Last month, what had been mostly a
newspaper war became a legal one. Roger Ailes’s country newspaper has
threatened to sue five citizens of Cold Spring for libel, defamation, and
"tortious interference." Fighting back, the residents, known in
town as “The Cold Spring Five,” have sought legal counsel, even bringing in the
former head of the New York Civil Liberties Union.
It all started when the folk singer
Dar Williams and her husband, Michael Robinson, mailed a letter to a handful of
young residents encouraging them to vote for Democratic candidates who were
running in the village trustee elections scheduled for March 18. Ailes and
Williams had history. Several years ago, she was at the center of a group
of aggrieved liberals who were mobilizing to launch a news website to
compete with Ailes's paper. Williams had a run-in with Ailes after she was
quoted in a New Yorker article by Peter Boyer about
Ailes’s upstate newspaper war. “Roger and Beth were both angry,” Williams told
me. Because of the PCNR, “wherever there are divisions in our town, they’re
much more starkly drawn.”
Related Stories: Citizen Ailes: What Happened When the Head of
Fox News Bought a Small-Town Newspaper
The central issue in this year's Cold
Spring trustee elections was development, and Williams’s letter called out
the PCNR for portraying Democratic trustee Matt Francisco as hostile
to a proposed real-estate project in town. “I don’t know if you are too young
to remember what Fox News did ten years ago to the war hero, John Kerry,”
Williams and Robinson wrote. “[T]hey managed to turn him into a coward (the
‘Swiftboat attack ads’) even as their stories were completely debunked. They’re
using the exact same tactics here in our tiny village.” She and her husband
concluded their letter with a post-script. “We are happy to give you any
more information on any of the current issues … as well as dishing more
significant dirt on their opponents, but we’ve tried to keep it brief for the
time being. Just ask.”
On March 12, a week before voters
went to the polls, the PCNR published a front-page story headlined
“Nasty Campaign Letter Surfaces.” In the article, Francisco and another
Democratic candidate, Donald MacDonald, denied any involvement with the
mailing, but the PCNR noted that Francisco had been seen outside the
folksinger's house. "They’re able to know my whereabouts when it’s useful
for their story," Francisco told me. "It's the typical Fox News
tactic — guilt by association. If you’re seen at their house, then of course
you’ve read every letter in their home!"
Outraged, Francisco took to
Facebook later that day and alleged that he was being trailed. “The Ailes
newspaper and their candidates have gone too far. It is clear I’m being
followed; My movements are being tracked and reported in their newspaper,” he
wrote. Francisco’s Facebook post was also put up on the Facebook pages
belonging to MacDonald and sitting trustee Stephanie Hawkins.

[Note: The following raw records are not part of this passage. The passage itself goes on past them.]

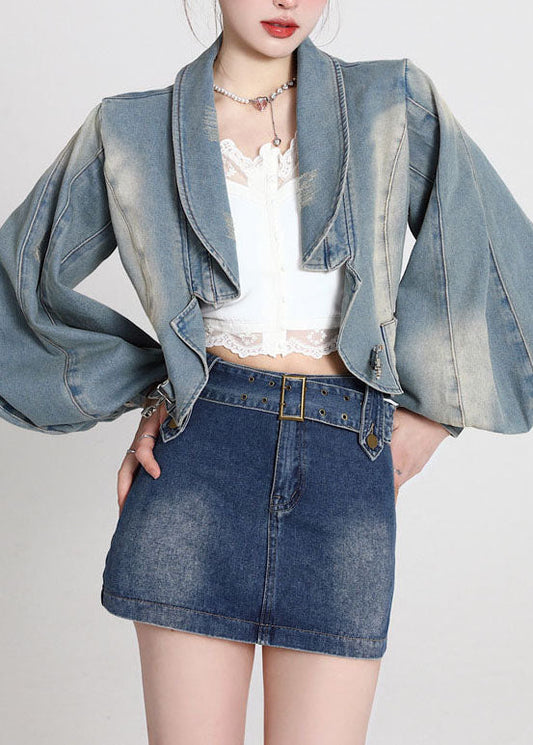 Blue Patchwork Denim Coats Lantern Sleeve Ly0788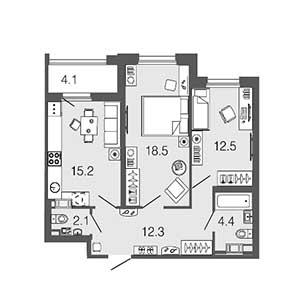 2-комнатная, 65 м² — ЖК ЖК Дом на набережной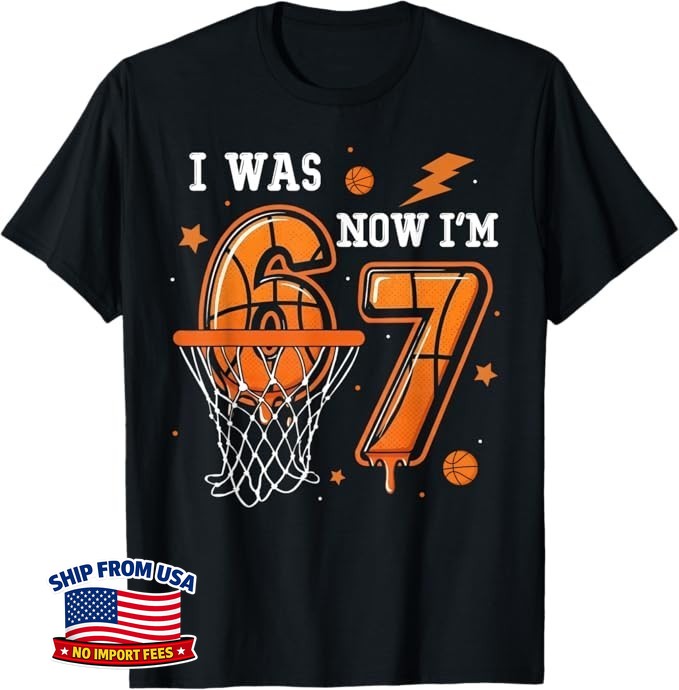 I was 6 Now I’m 7 Birthday Boy Basketball Funny 6 7 Meme Kid Unisex T-Shirt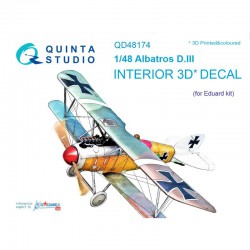 QUINTA STUDIO QD48174 1/48 Albatros D.III 3D-Printed & coloured Interior on decal paper (for Eduard kit)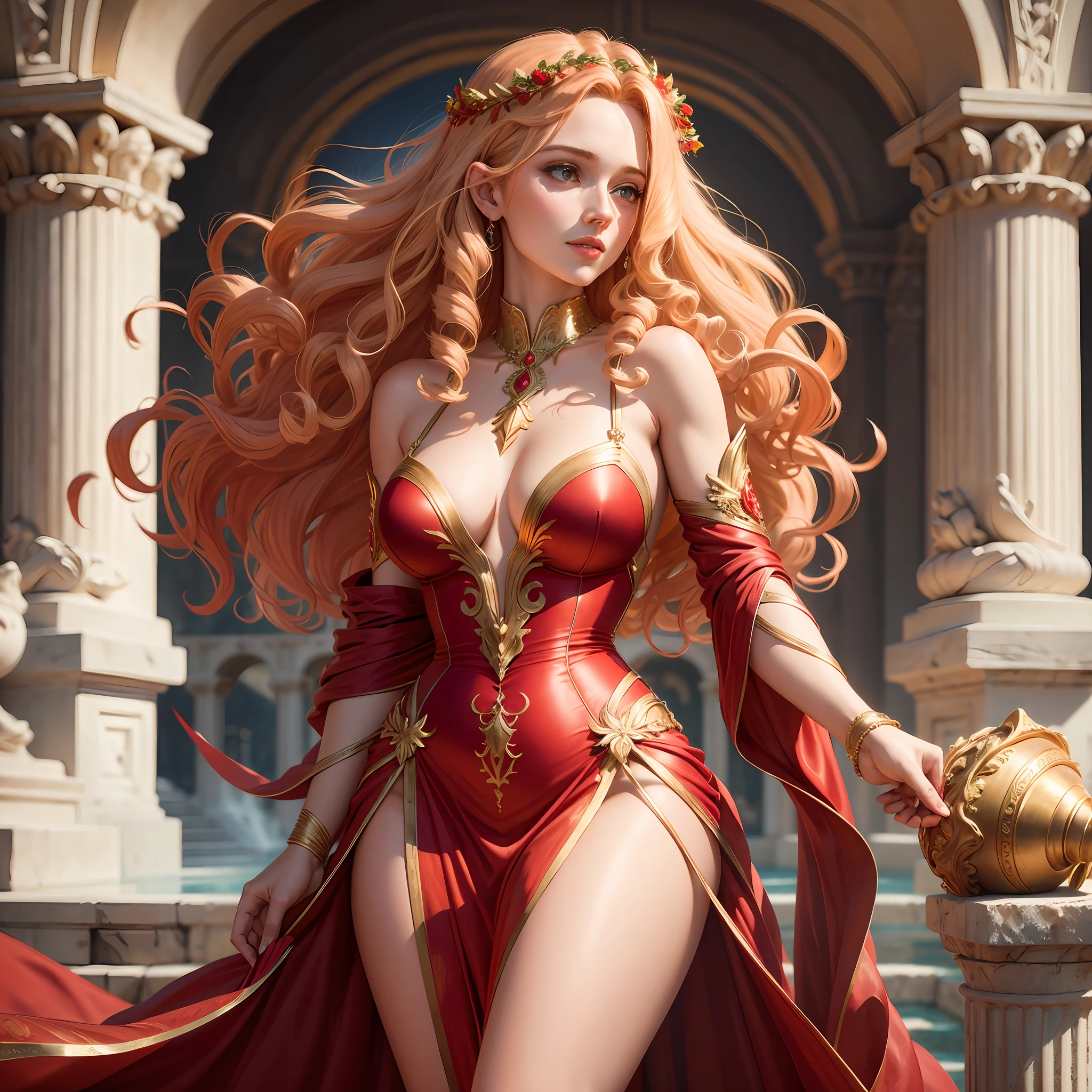 Greek goddess Aphrodite, beautiful blonde woman, wearing a long gala event dress, curly red hair, green eyes, scarlet red dress, 8k, Greece, ultra realistic, cinematic --auto --s2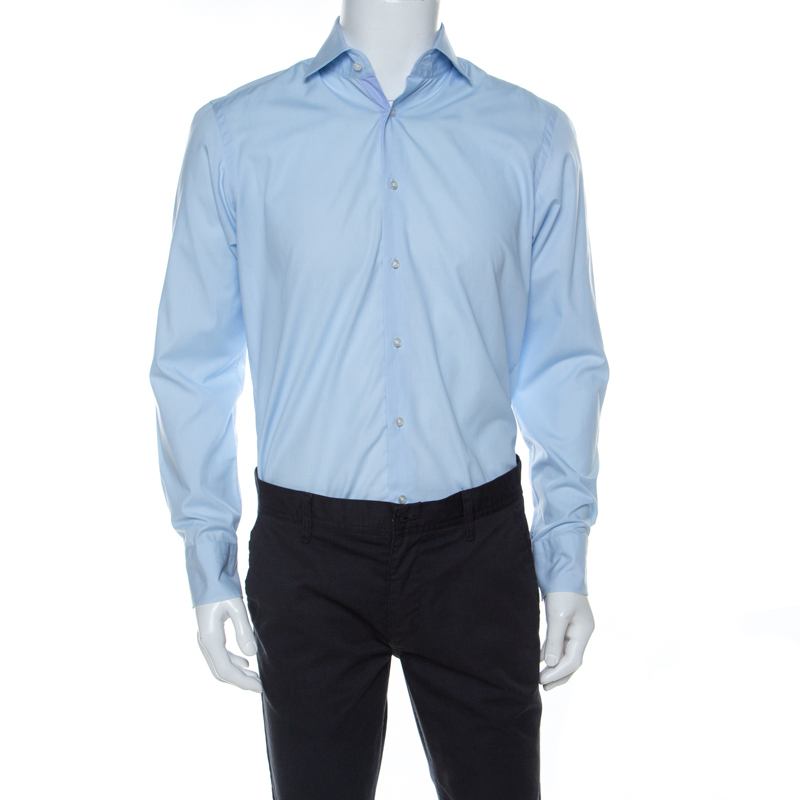 Image of Boss By Hugo Boss Light Blue Cotton Regular Fit Eraldin Shirt M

That's where things got weird. The
next day, Peter Johnson, Ailes’s lawyer and a regular Fox
& Friends guest-host, sent threatening legal letters to
Dar Williams and her husband. The three Democratic politicians received
legal letters as well. Francisco and MacDonald took the post
down. Stephanie Hawkins did not.
Francisco and MacDonald’s
capitulation in the face of Ailes’s legal threat did not advance their
electoral fortunes. On Election Day, March 18, they lost.
Francisco was particularly unnerved
by the experience. He called the printing of Williams's letter on the eve of
the election, when the newspaper was supposed to observe a news blackout, an
"October surprise." Other strange things happened to him in town
after he posted his Facebook comment. On the afternoon of Election Day, a
mysterious television camera crew in a white unmarked van was seen filming
outside his home. Francisco said he did not know if they were sent by Ailes,
but he found the incident chilling.
"I don’t know what footage
of my house would do. It’s probably to intimidate me," Francisco said.

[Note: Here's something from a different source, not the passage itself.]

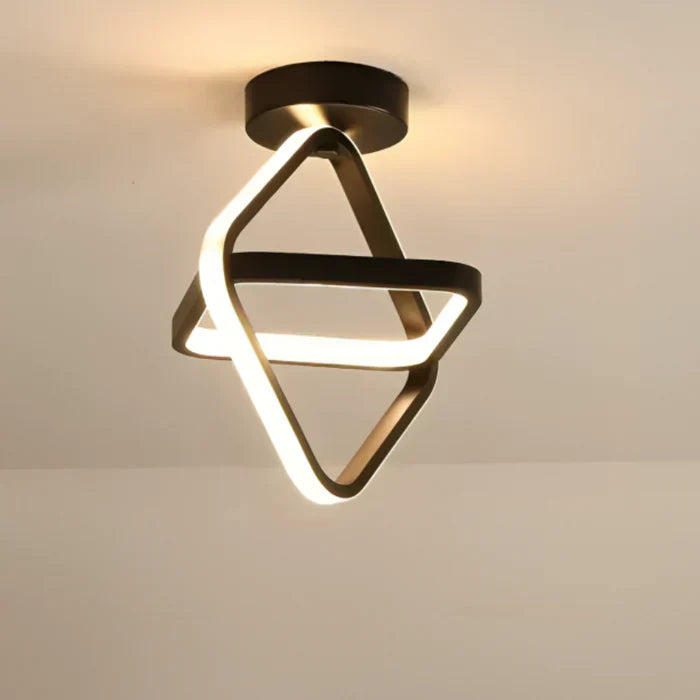 Dubbel ring design LED plafondlamp, creëert een moderne sfeer in huis.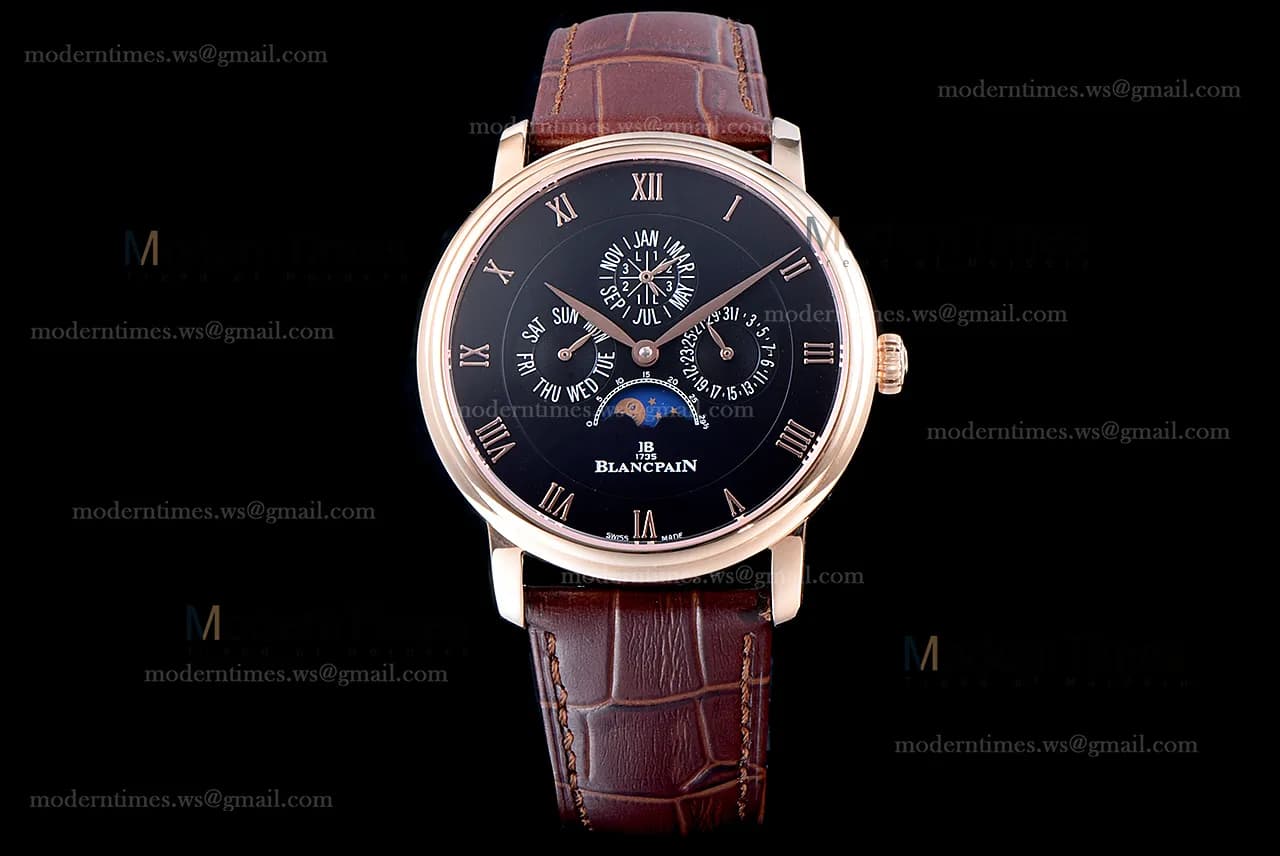 Blancpain Villeret RG/LE Blk/Bro Sapphire ZBF Automatic 6057-3642-55B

"It's like, 'if you think I can’t follow you, I can film you.' There’s the
chilling effect of I know where you live. I find it all
disgusting." (Irena Briganti, Fox News's spokeswoman, did not respond
to a request for comment.)
Stephanie Hawkins refused to heed
Ailes’s demands that she remove Francisco's Facebook post from her page. On
March 14, Johnson sent Hawkins a threatening letter. He insisted that
Hawkins's “retraction and correction be accompanied by a repudiation of the
libelous statements and an apology for the outrageous and patently false
statements made against our clients.” If she failed to act, they would sue.
"You have intentionally, wrongfully and maliciously defamed and disparaged
our clients," he wrote, and "you will be held to account for all
damages which flow therefrom ... If our clients are forced to file suit to stop
your wrongful conduct, they will also seek an award of attorney fees and
litigation expenses." He stressed that the Aileses "have
not, and have no interest in, 'spying' on their neighbors,"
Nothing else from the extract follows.